Experiencia vertiginosa

Convertirse en madre es una experiencia vertiginosa. Una mezcla única de exaltación (¡la vida me ha elegido para propagarse!) y temor (¿estará todo bien? ¿estaré a la altura?), de poder (¡soy el cofre de la vida!) e impotencia (lo que sucederá dependerá solo en pequeñísima parte de mí). Verdad paradójica, coexistencia de los opuestos, más allá de todo dualismo abstracto. La concreción de la vida que se manifiesta en toda su fuerza rebelde.

El momento del parto es un milagro tan portentoso que he querido repetirlo más de una vez. Para mí ha sido quizá el punto de máxima intensidad existencial, donde cada célula de mi cuerpo, cada pensamiento de mi mente, cada deseo de mi corazón estaban concentrados en ese único punto, que no era yo. La paradoja de la vida, del encontrarla aceptando no tenerla y no controlarla. Para mí, el paradigma de cualquier otra relación: hacer sitio al otro y dejarse transformar por ese encuentro, de ese “inicio vivo” (Guardini).

Se recibe a sí mismo de otros, como don inesperado. Olvidándonos de buscarnos, podemos encontrarnos realmente.

Mis hijos me trajeron al mundo. Tanto mis cinco hijos biológicos como los que pasaron unos años de sus vidas con nosotros, y los dos –de dos continentes diferentes– que se han convertido en una parte estable de la familia. “No es la carne y la sangre, sino el corazón lo que nos hace padres e hijos”, escribió Friedrich Schiller. ‘Jus cordis’: Lo digo por experiencia, una experiencia extraordinaria.

Quien soy hoy lo debo mucho a ellos, a lo que he aprendido con ellos. Sobre mí, sobre el mundo, sobre lo que es realmente importante, sobre el sentido de la vida. Sobre la paciencia, sobre el tratar de no confundir las esperanzas que crean con las expectativas que enjaulan. Sobre el ser misericordioso con los fracasos propios y ajenos, que siempre pueden convertirse en algo inesperado y hermoso.

Ser madre reorienta las prioridades y ayuda a deshacerse de tanto lastre superfluo, descubriendo de repente la ineficacia. Reduce el riesgo de “tropezar en uno mismo, enredarse en nuestra sombra”, como escribió María Zambrano. Regala una libertad y una ligereza desconocidas antes. No es un razonamiento, una evaluación, un juicio moral. Simplemente, se ven las cosas de manera diferente.

Un paso que libera, y que también regenera el vínculo conyugal, provocándolo y manteniéndolo vivo.

Generatividad social

Para nosotros, que somos sociólogos, nos ayudó a imaginar una salida de los cardúmenes del individualismo. Un camino que no es un modelo abstracto, sino que está enraizado en la experiencia de todos.
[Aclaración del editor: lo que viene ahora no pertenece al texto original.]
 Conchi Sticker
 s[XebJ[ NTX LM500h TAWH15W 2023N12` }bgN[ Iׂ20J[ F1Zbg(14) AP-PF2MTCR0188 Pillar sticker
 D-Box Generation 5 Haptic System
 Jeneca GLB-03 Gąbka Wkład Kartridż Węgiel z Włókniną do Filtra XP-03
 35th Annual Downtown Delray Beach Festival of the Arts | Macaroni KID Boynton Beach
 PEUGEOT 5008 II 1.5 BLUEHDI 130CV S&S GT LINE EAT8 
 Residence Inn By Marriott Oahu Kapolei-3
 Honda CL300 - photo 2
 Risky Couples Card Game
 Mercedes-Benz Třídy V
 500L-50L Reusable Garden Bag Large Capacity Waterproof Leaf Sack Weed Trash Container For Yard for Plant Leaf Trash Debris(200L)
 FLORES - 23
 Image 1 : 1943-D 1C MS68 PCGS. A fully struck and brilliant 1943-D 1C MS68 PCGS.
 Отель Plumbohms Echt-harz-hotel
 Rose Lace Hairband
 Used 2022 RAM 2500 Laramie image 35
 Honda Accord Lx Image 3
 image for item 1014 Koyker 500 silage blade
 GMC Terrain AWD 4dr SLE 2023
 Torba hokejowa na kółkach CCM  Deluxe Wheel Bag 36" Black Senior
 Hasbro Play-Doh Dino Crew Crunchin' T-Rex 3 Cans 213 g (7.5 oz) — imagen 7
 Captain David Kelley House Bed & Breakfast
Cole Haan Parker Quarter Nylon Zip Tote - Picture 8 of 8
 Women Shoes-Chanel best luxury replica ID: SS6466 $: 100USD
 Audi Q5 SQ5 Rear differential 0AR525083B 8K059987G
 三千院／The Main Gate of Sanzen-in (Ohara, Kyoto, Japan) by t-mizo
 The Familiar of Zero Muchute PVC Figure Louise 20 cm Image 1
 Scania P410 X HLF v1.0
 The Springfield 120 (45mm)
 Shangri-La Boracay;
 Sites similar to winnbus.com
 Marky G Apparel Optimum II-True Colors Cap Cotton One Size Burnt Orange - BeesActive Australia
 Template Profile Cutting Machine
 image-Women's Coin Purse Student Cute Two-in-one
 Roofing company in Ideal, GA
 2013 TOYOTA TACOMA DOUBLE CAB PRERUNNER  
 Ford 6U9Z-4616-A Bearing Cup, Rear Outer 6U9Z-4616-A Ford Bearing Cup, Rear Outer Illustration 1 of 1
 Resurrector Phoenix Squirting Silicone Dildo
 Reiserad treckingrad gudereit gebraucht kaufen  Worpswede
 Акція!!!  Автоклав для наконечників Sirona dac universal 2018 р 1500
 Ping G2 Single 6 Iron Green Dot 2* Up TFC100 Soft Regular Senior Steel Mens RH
Lo hemos llamado, a raíz de otros pensadores anteriores, “generatividad social”. Es una forma personal y colectiva de pensar y actuar que muestra la posibilidad de un tipo de acción orientada a los demás, creativa, conectiva, productiva y responsable, capaz de afectar positivamente las formas de producción, innovación, vida, cuidado, organización, inversión, dando nueva vida.

Es un dinamismo que vivifica y renueva continuamente las formas sociales, evitando el estancamiento y las derivas totalizantes. Es un camino continuo, uno de traer al mundo (¡no solo hijos!), comenzar y luego cuidar, para que lo que hemos traído al mundo o ayudado a renacer pueda florecer; y al final dejarlo ir, porque el punto más alto del amor y la vida es renunciar a la posesión y el control y confiar en la capacidad del otro para ser generativo a su vez.

Lo que está vivo da fruto. Y “donde se crea una obra, donde se continúa un sueño, se planta un árbol, se da a luz un niño, allí obra la vida y se ha abierto una brecha en la oscuridad del tiempo” (Herman Hesse).